» **Activity**: Everything from the line containing "El pantano de" through the last line of the data below is to be retyped exactly, apart from the pictures.
-- Data records follows --
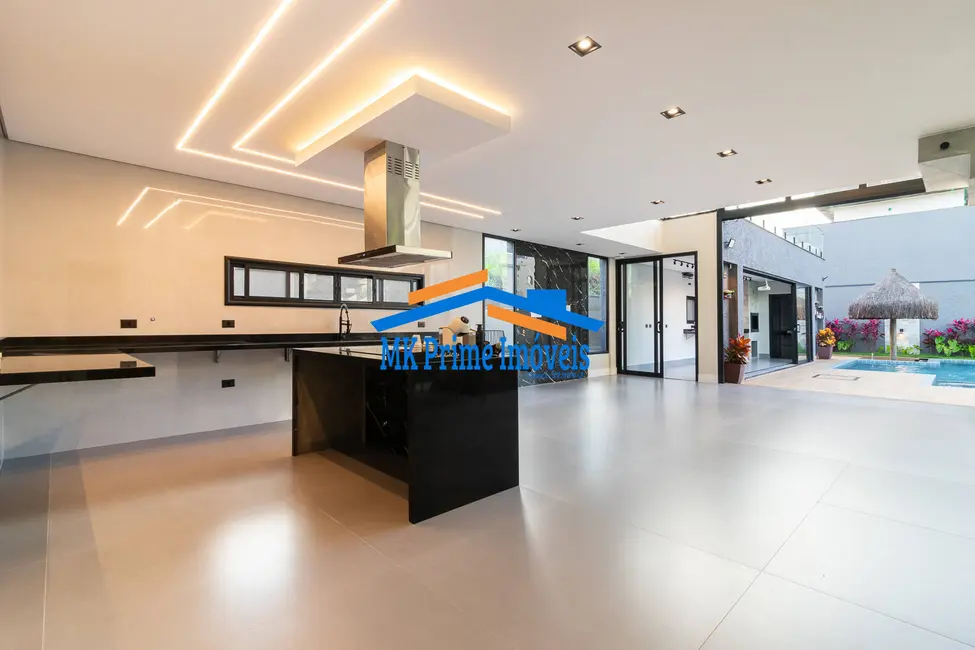 Casa de Condomínio com 4 quartos à venda, 346m2 em Colinas de Parnaíba I, Santana De Parnaiba - SP - imagem 3 Foto 3 de Casa de Condomínio com 4 quartos à venda, 346m2 em Colinas de Parnaíba I, Santana De Parnaiba - SP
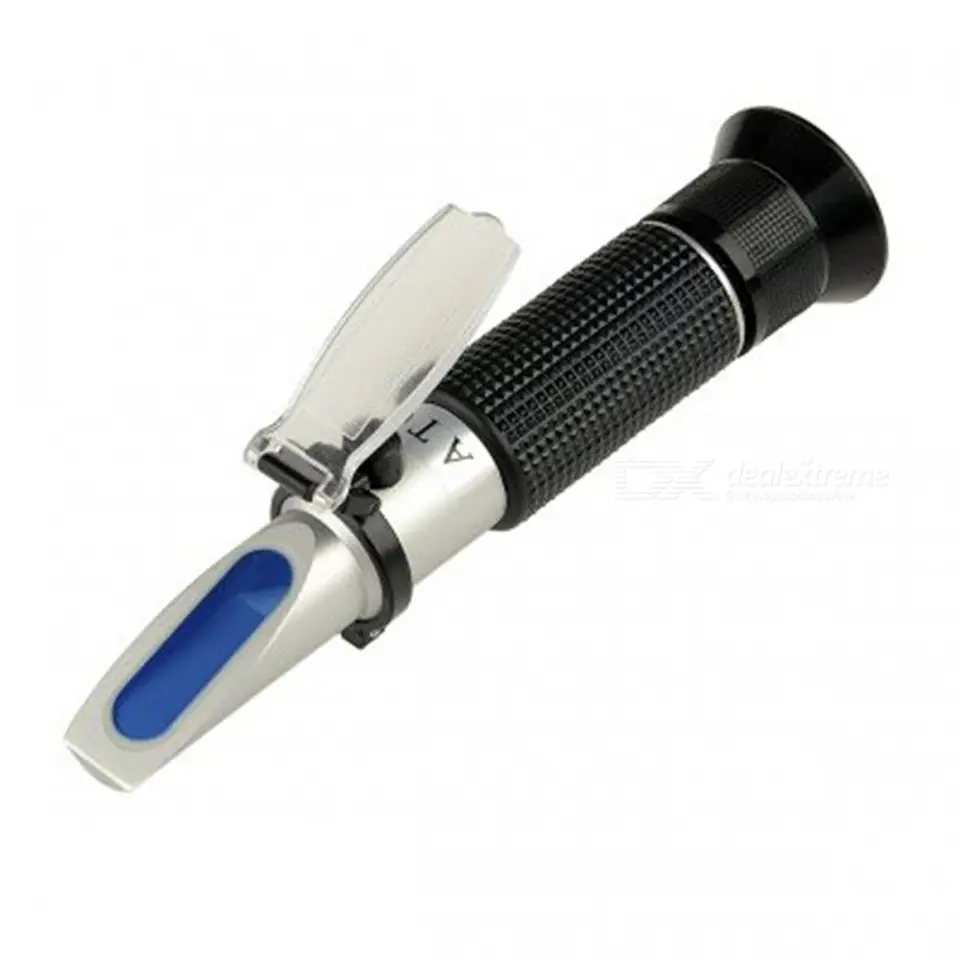 REFRACTOMETRO VETERINARIO 4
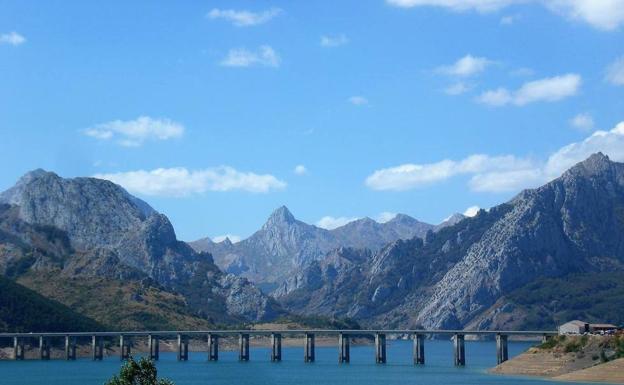 El pantano de Riaño se vacía a pasos agigantados y sus vecinos sufren restricciones en el suministro de agua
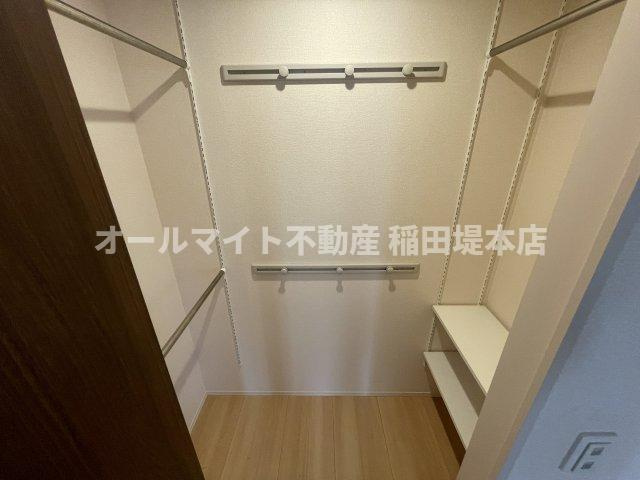 川崎市多摩区宿河原６丁目の賃貸マンションの収納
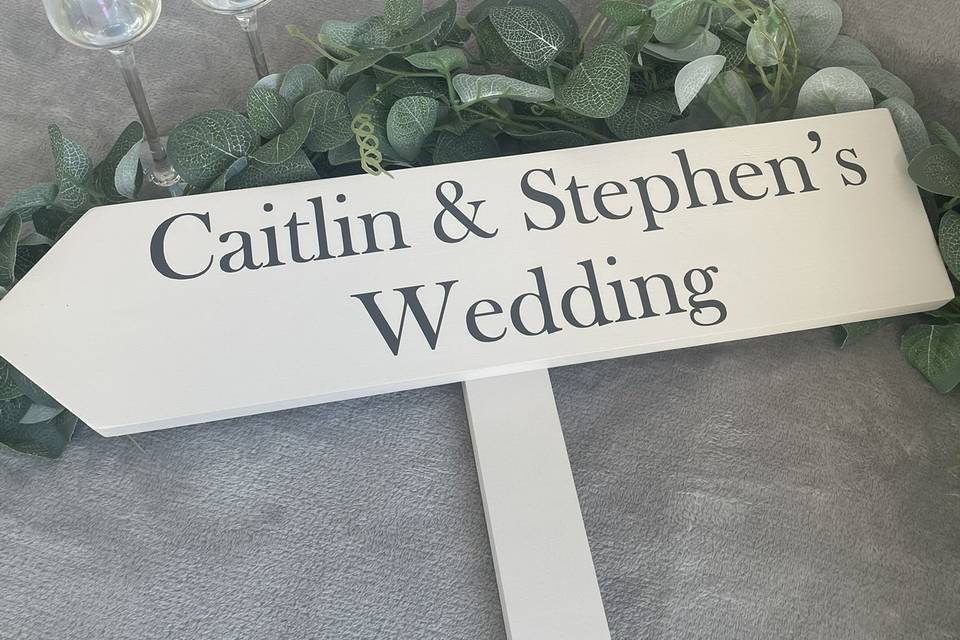 Wedding direction sign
-- Data records concluded --
» **Exercise output**:
 El pantano de Riaño se vacía a pasos agigantados y sus vecinos sufren restricciones en el suministro de agua
 川崎市多摩区宿河原６丁目の賃貸マンションの収納
 Wedding direction sign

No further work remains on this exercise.